## YOUR ASSIGNMENT
Copy out and return the lines from the one holding "สาวญี่ปุ่นตัวเ" to the end of the listing below, both included, omitting the pictures.

## SOURCE MATERIAL
:::

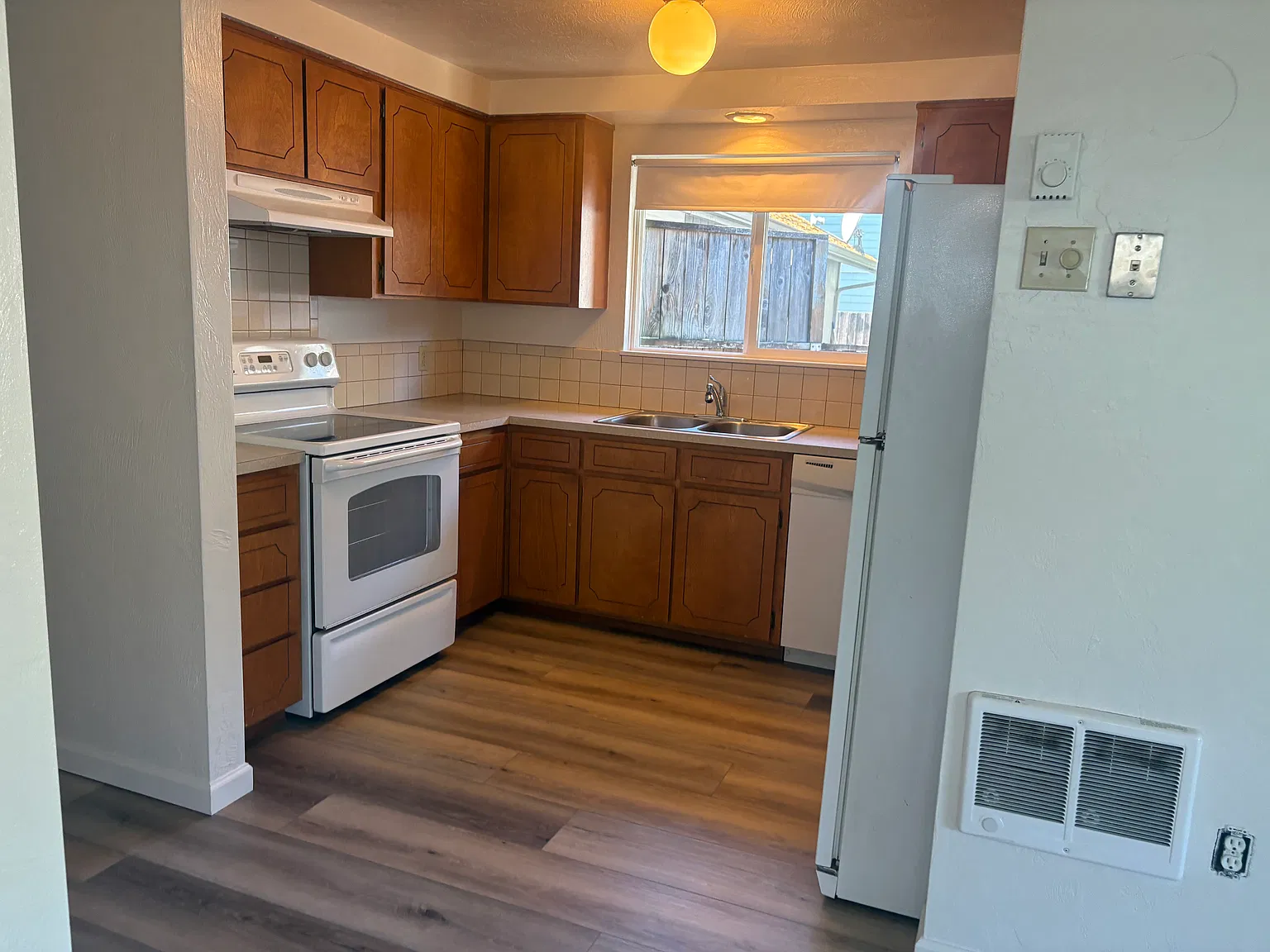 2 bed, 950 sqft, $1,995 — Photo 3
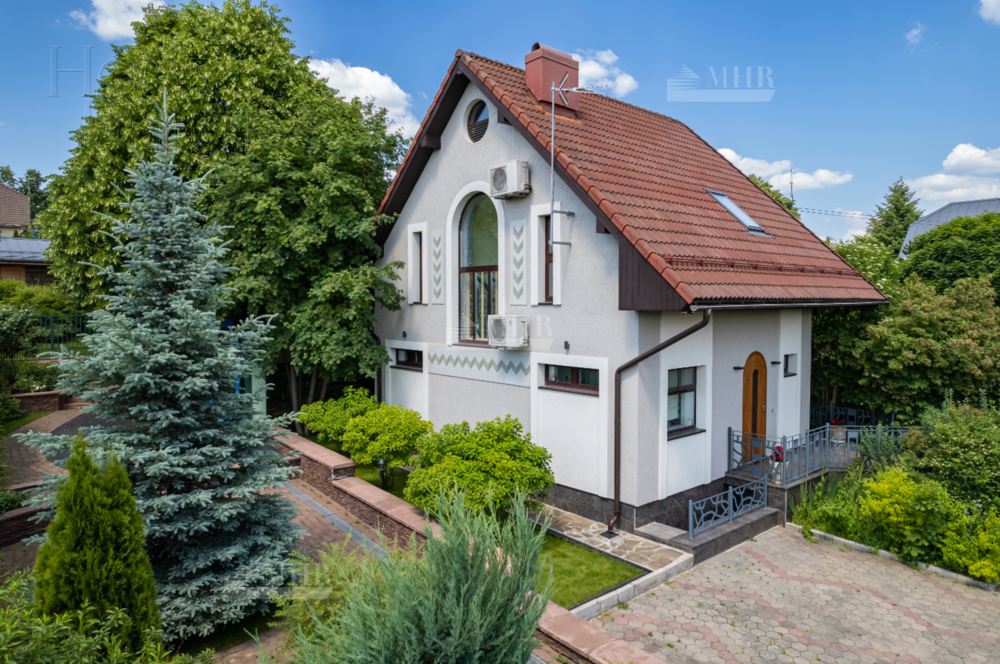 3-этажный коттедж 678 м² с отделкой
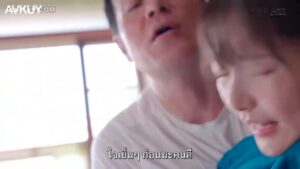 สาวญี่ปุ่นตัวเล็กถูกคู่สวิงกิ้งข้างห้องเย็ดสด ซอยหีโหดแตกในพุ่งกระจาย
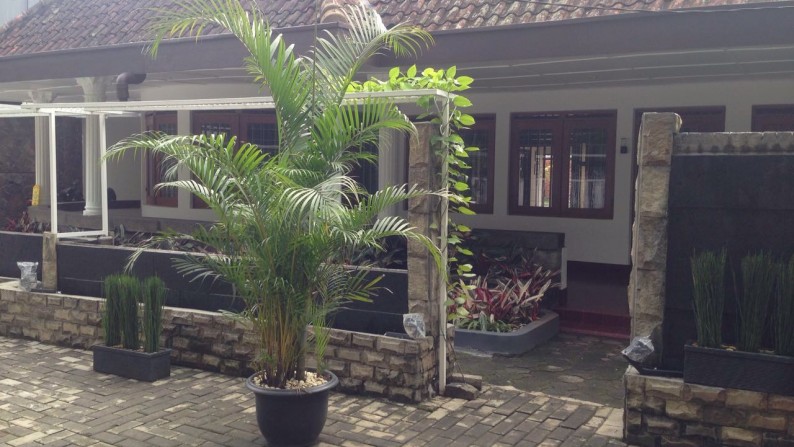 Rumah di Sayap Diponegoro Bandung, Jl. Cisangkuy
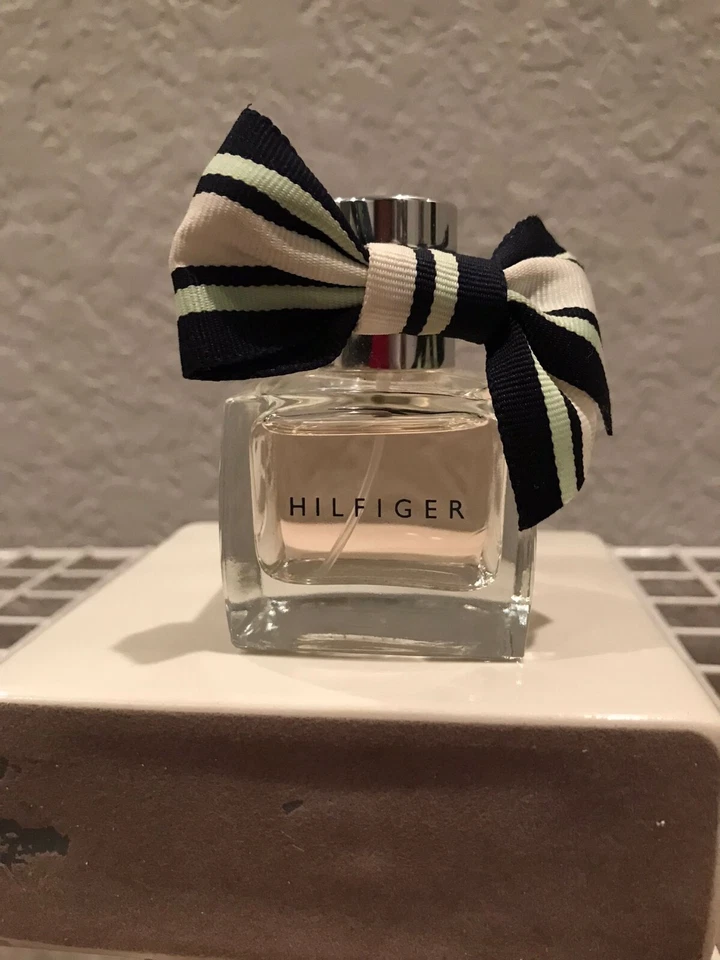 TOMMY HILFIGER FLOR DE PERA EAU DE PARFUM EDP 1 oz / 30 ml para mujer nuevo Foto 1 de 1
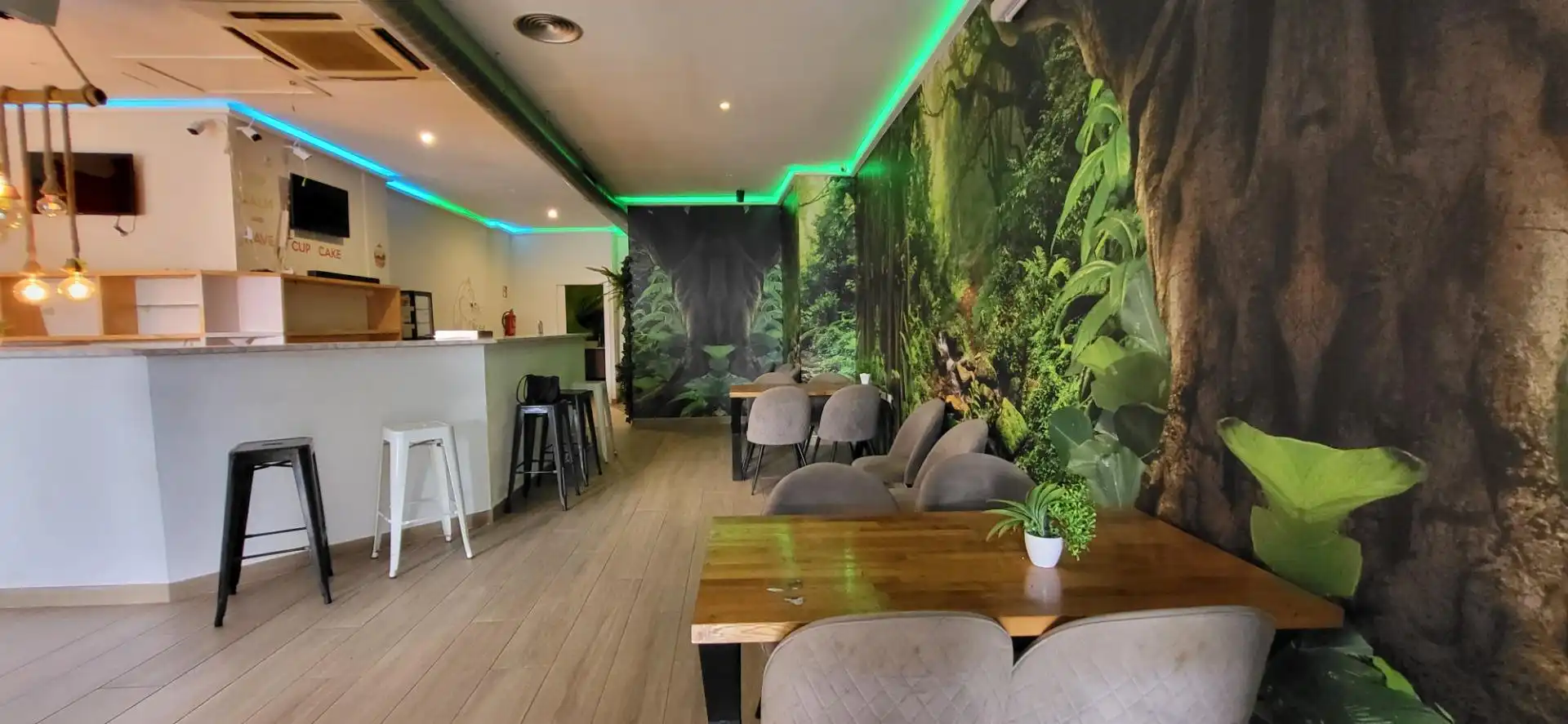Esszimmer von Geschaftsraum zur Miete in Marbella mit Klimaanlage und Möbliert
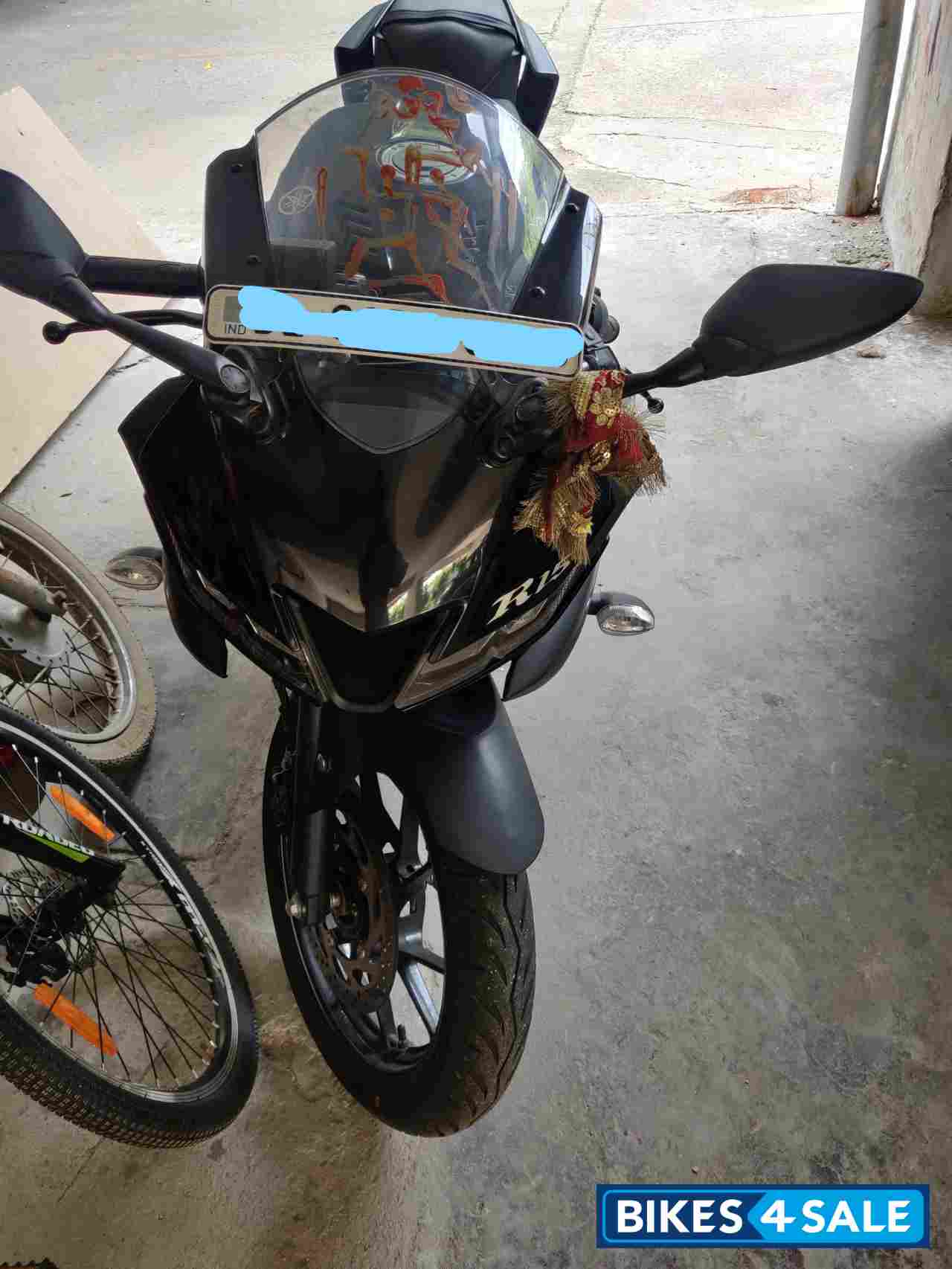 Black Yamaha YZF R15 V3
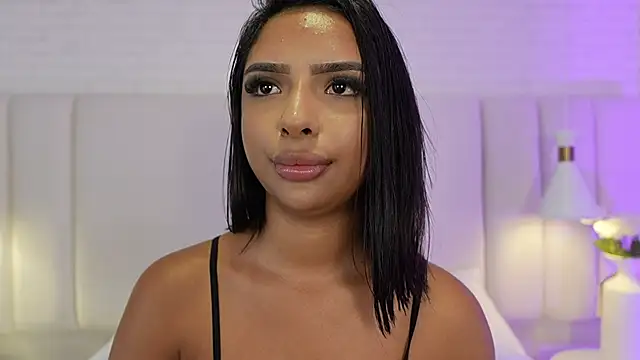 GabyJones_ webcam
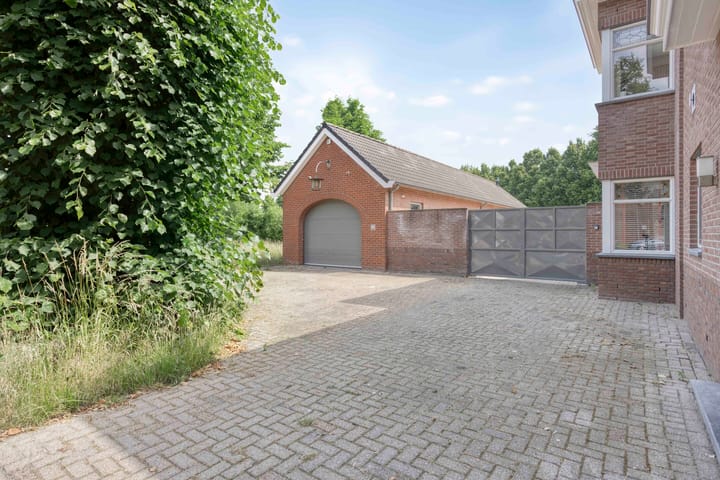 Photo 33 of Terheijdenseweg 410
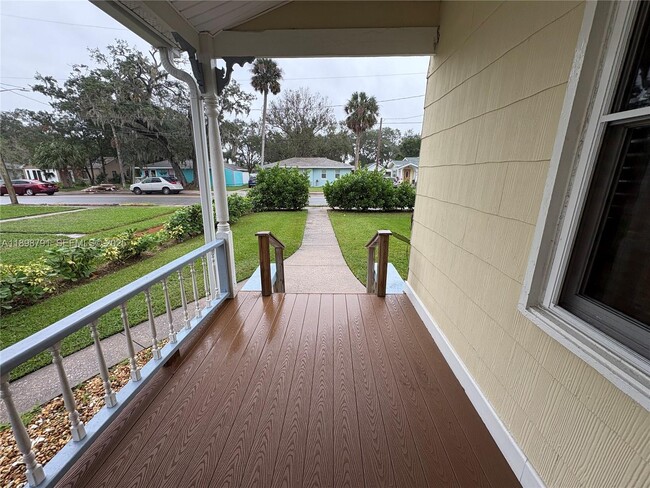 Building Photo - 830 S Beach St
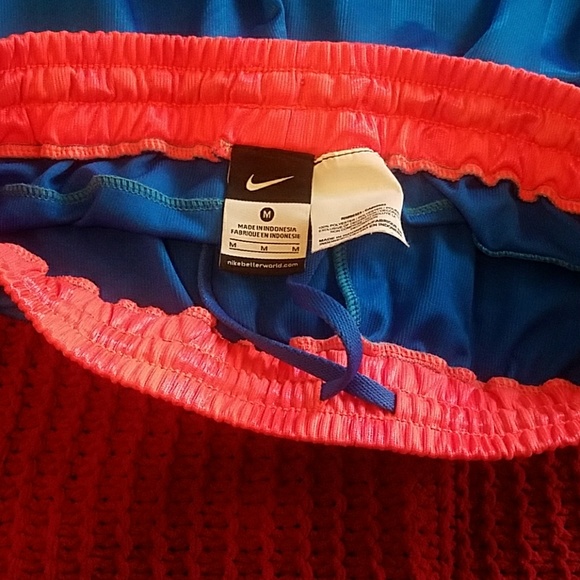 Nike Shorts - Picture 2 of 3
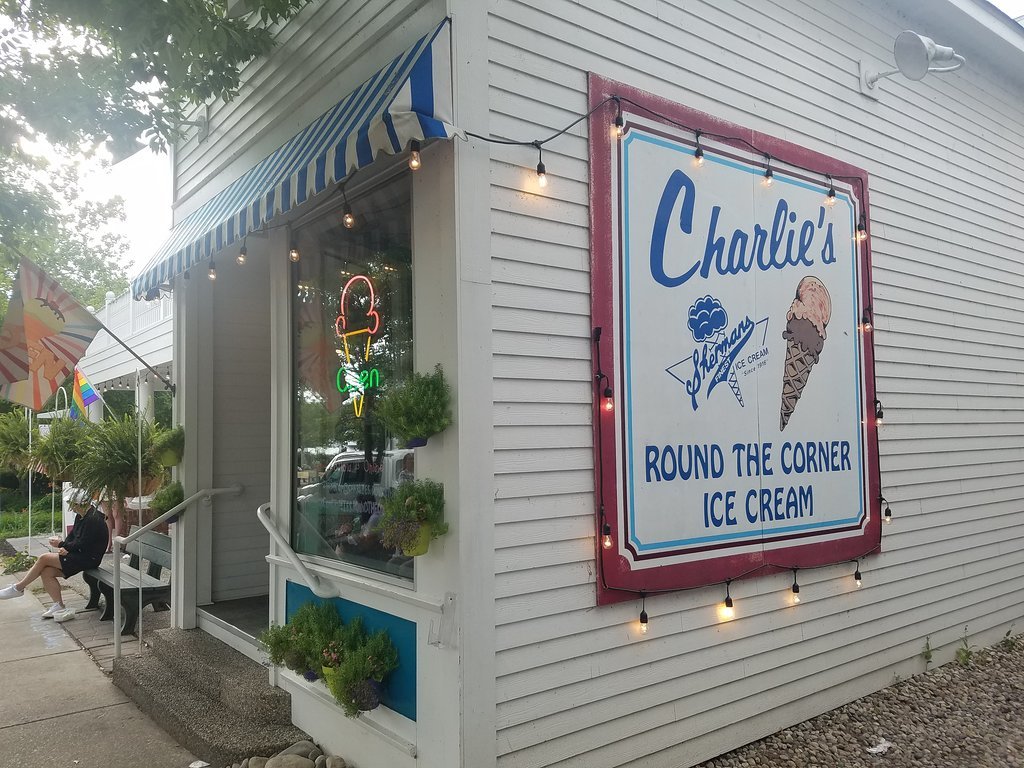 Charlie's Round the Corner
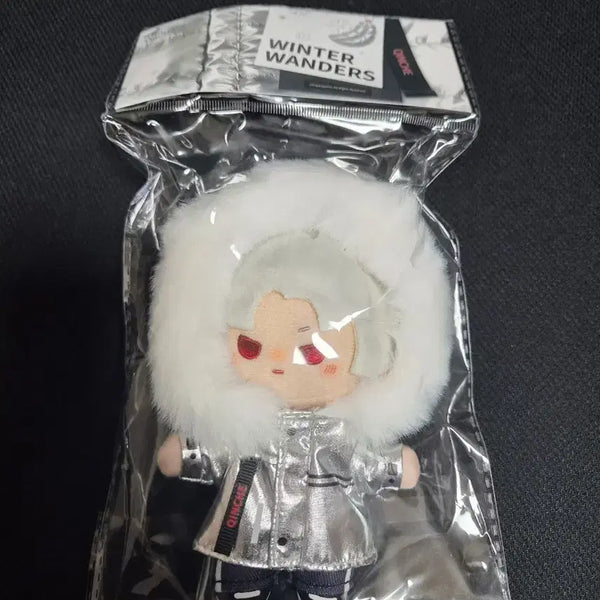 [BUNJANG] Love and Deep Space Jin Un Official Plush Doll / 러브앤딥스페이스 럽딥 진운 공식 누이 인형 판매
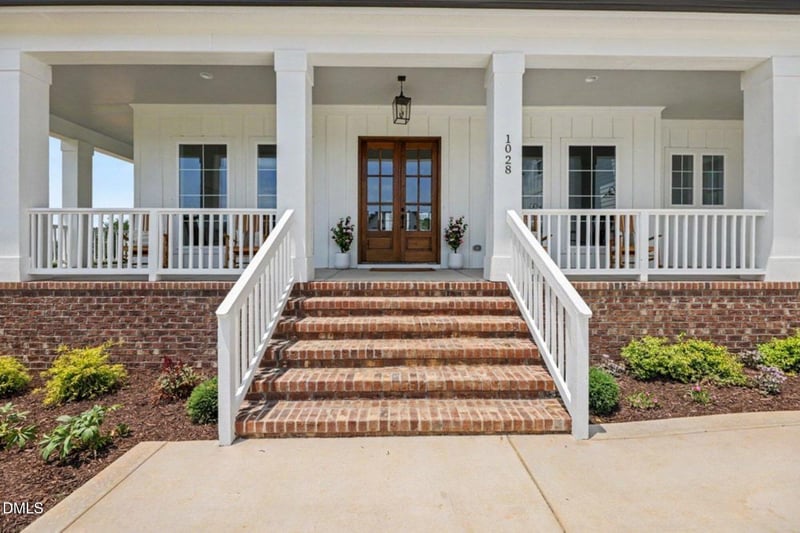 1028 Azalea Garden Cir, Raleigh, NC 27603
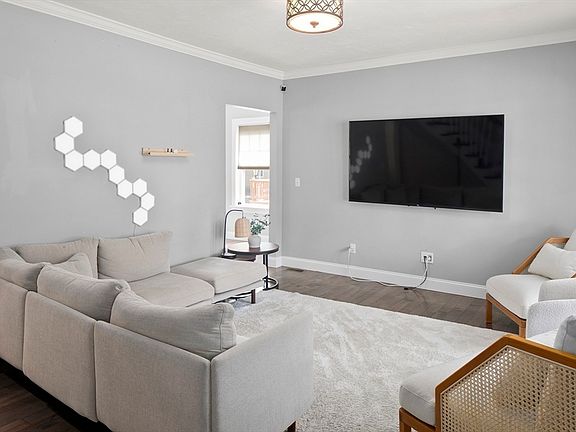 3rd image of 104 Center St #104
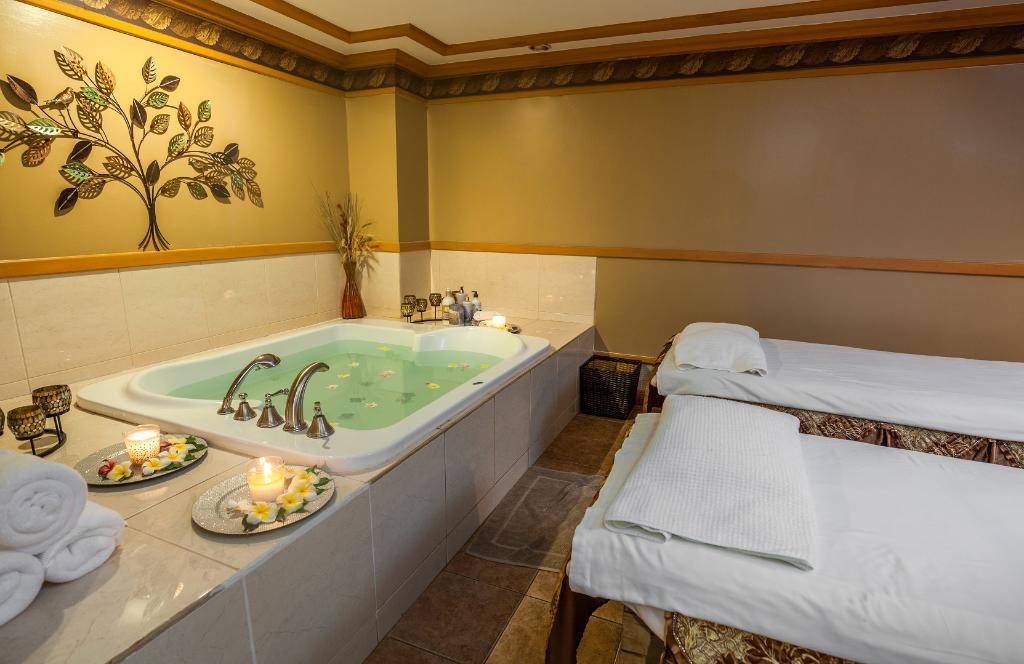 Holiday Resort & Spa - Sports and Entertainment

:::

## WRITTEN SOLUTION
 สาวญี่ปุ่นตัวเล็กถูกคู่สวิงกิ้งข้างห้องเย็ดสด ซอยหีโหดแตกในพุ่งกระจาย
 Rumah di Sayap Diponegoro Bandung, Jl. Cisangkuy
 TOMMY HILFIGER FLOR DE PERA EAU DE PARFUM EDP 1 oz / 30 ml para mujer nuevo Foto 1 de 1
Esszimmer von Geschaftsraum zur Miete in Marbella mit Klimaanlage und Möbliert
 Black Yamaha YZF R15 V3
 GabyJones_ webcam
 Photo 33 of Terheijdenseweg 410
 Building Photo - 830 S Beach St
 Nike Shorts - Picture 2 of 3
 Charlie's Round the Corner
 [BUNJANG] Love and Deep Space Jin Un Official Plush Doll / 러브앤딥스페이스 럽딥 진운 공식 누이 인형 판매
 1028 Azalea Garden Cir, Raleigh, NC 27603
 3rd image of 104 Center St #104
 Holiday Resort & Spa - Sports and Entertainment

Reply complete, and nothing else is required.